The shift to politics was more painful, however. The war hero appeared indecisive and uninspiring, a shy man with very few close friends, a colorless public speaker with a deep disdain for ceremony and public relations. In 1976, after two years as premier, he was forced to resign. But Rabin has come far since then.
In the last 15 years, Rabin managed to maintain his political ground despite ongoing attempts by Peres to sideline him. As minister of defense he personified the average Israeli's attitude when he advocated concessions for peace, while also making it clear that anti-Israeli violence will not be left unanswered.
During the most difficult days of the Palestinian uprising, Rabin was the only Israeli leader who came up with a viable plan for dialogue, when he proposed to hold elections in the West Bank and Gaza. He also launched the first-ever deep cuts in the defense budget, including the scrapping of a multi-billion-dollar attempt to build an Israeli fighter jet.
UNLIKE arch-politicians such as Peres, Rabin's formative years were spent far from the ecosystems of civil service and party politics. "The premiership is for me an option, not an obsession," he said recently, in a stinging reference to Peres's 15-year quest.
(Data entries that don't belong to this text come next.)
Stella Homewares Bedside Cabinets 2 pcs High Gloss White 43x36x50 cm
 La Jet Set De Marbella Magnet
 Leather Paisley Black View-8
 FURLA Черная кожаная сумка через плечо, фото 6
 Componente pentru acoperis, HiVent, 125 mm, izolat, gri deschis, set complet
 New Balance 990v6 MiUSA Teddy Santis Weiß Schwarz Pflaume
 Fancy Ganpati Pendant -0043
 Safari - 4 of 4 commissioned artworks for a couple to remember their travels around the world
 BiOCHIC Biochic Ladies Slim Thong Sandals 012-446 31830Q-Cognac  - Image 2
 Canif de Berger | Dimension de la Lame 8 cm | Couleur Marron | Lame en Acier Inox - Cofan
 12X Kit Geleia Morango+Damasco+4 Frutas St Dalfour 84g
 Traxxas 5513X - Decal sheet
When he called Peres's wheeling and dealing "a stinking exercise," Rabin expressed many Israeli's disgust with the disproportionate leverage enjoyed by small political parties, and with Peres's submission to their whims.
If elected, Rabin is expected to quickly pass legislation that will diminish the power of small parties, and endorse the election of the premier by popular vote rather than by parliament.
A strong opponent of continued settlement expansion in the occupied territories, Rabin would also redefine budgetary priorities so that employment and immigration absorption would get more attention than they get today.
Peres derives inspiration from his friend Francois Mitterrand, who became president of France after decades in opposition. But polls show Rabin leading Peres by 15 percent, indicating Labor's concern with electability.
Recently arrived immigrants, who will cast up to 12 percent of the votes, can tip the scale come June 23. Selling them a war hero turned diplomat and an honest, practical, and insightful politician, is not impossible.
Rabin is not the Messiah, but he will lead to political reform, to better immigrant absorption, and to a more sincere search for peace. For many Israelis, that would be more than enough.